Theater advance: Morey returns to PTC to direct 'this monster,' his second staging of 'Les Miserables'
Alex Weisman, IceWolfPhotography.com
When Charles Morey directed “Les Misérables” for Pioneer Theatre Company in 2007, “Quite frankly, I was terrified of this monster. It’s huge. It’s long. It’s complex. It’s a big, big piece of theater and hard to do.”
That production, the nation’s first regional theater staging of the acclaimed musical, ran for 82 sold-out performances, becoming the longest-running show in the company’s 51-year history — and resulted in thousands of new season-ticket holders, many of whom had never before stepped in Simmons Pioneer Memorial Theatre.
Morey retired as the company’s artistic director last year, but returns to helm “Les Misérables," with Karen Azenberg, who assumed Morey’s position, providing the musical staging.
“I loved the show from the first time I saw it, shortly after it opened in New York (in 1987),” Morey says. “I was blown away by the music and the production. The musical is very different from the novel in many ways, but it strikes me how faithful the writers and producer were to the essential spirit to the novel and its fundamental truths.”
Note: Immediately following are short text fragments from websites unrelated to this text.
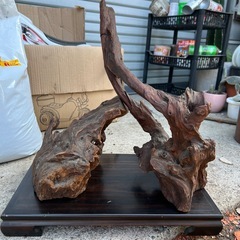 無料　木の根の置物の画像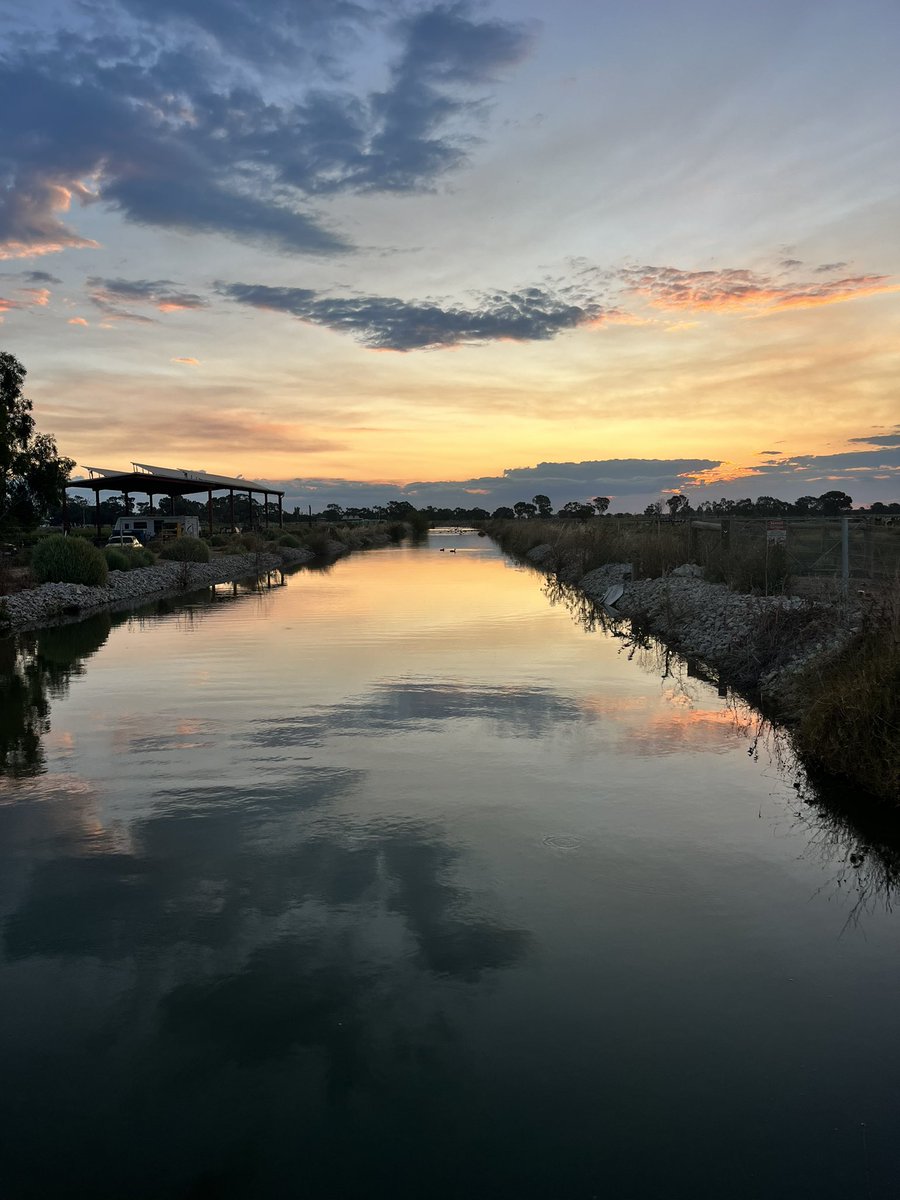 Di Bowles 🐄❤️ tweet media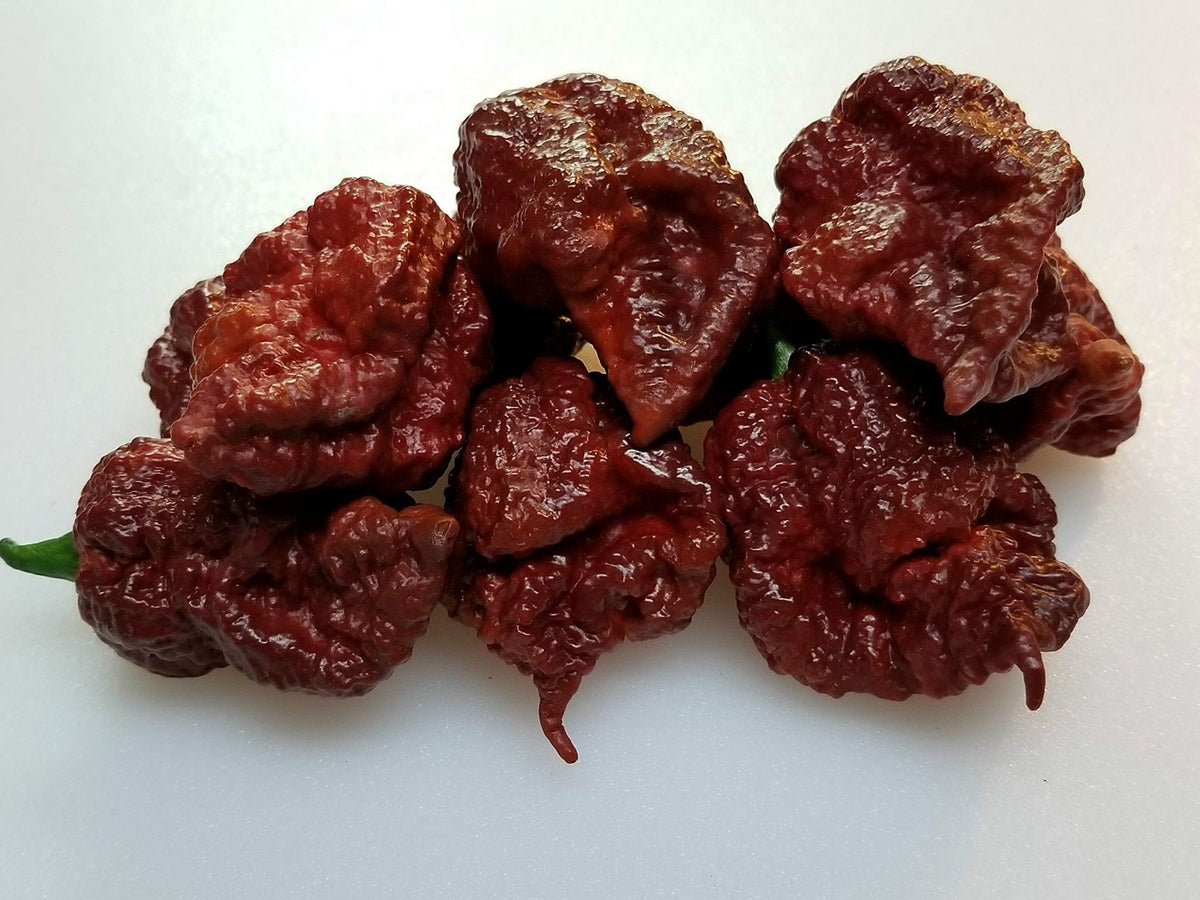 Trinidad 7 Pot Douglah chocolate chili seeds for growing rare hot pepper varieties - Dharaseeds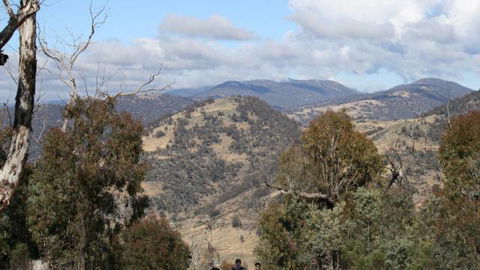 Mt Tennent - Accommodation Directory 0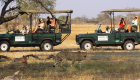 Cheetahs with blood around their mouths running past a group of dark green safari cars 
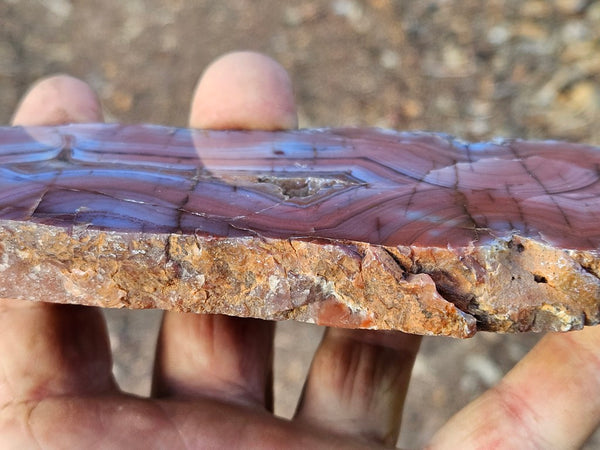 Polished Pilbara Agate PA223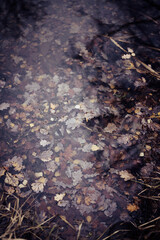 Obraz premium Faded autumn oak leaves in the water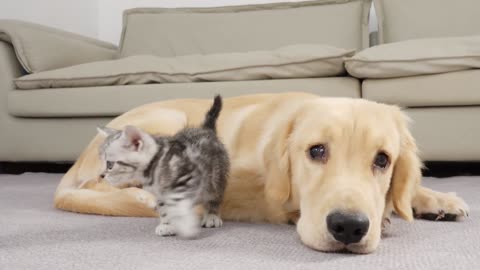 Golden Retriever Puppy Make Repeated Failed Attempts To Make Friends With Kitten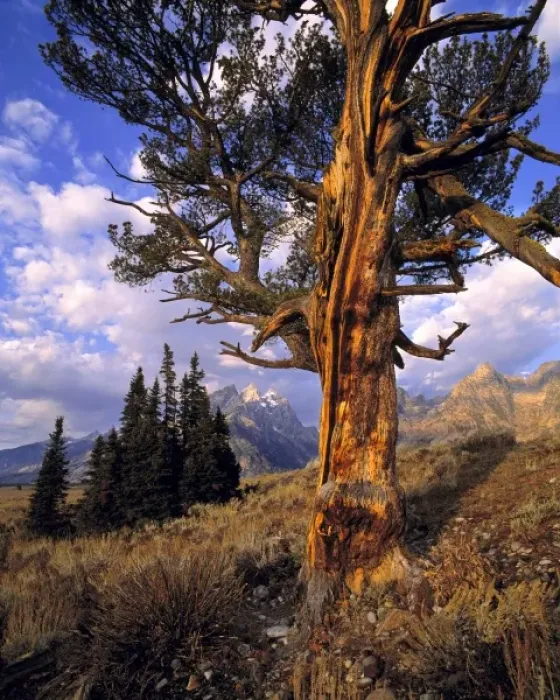 Framed Print : USA, Wyoming, Grand Teton NP. Early light accentuates the gnarled trunk of an old Framed Print : USA, Wyoming, Grand Teton NP. Early light accentuates the gnarled trunk of an old
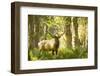 Washington, Olympic, Quinault River. Roosevelt Elk Bull-Steve Kazlowski-Framed Premium Photographic Print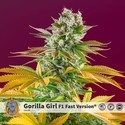 Gorilla Girl - F1 Fast Version (Sweet Seeds) feminizowane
It’s been an enriching experience to again direct “Les Misérables,” he says. “It’s been a great joy to rediscover this story in the bodies and the hearts and the voices in this group of people.”
In the company’s original production, William Solo played Jean Valjean and Merwin Foard was Inspector Javert, and both actors reprised the roles they had performed on Broadway. Part of Morey’s pleasure has been working with Joe Cassidy, who plays Valjean, and Josh Davis as Javert.
“Joe Cassidy performed the role on Broadway but only very briefly. So in a way we’re discovering his Jean Valjean as opposed to a re-creation of the original, and that’s very exciting,” Morey explains. “And a lot of this company has never done the show before, and so we’re together rediscovering ‘Les Miserables.’ We’ve tweaked the set a little bit, changed some things that I thought we could do better, re-staging some things that I thought we could do better, and we’ve certainly changed things to fit the actors that we have now. It’s great to be able to re-approach this story recognizing that I know how to stage it, after directing it previously.”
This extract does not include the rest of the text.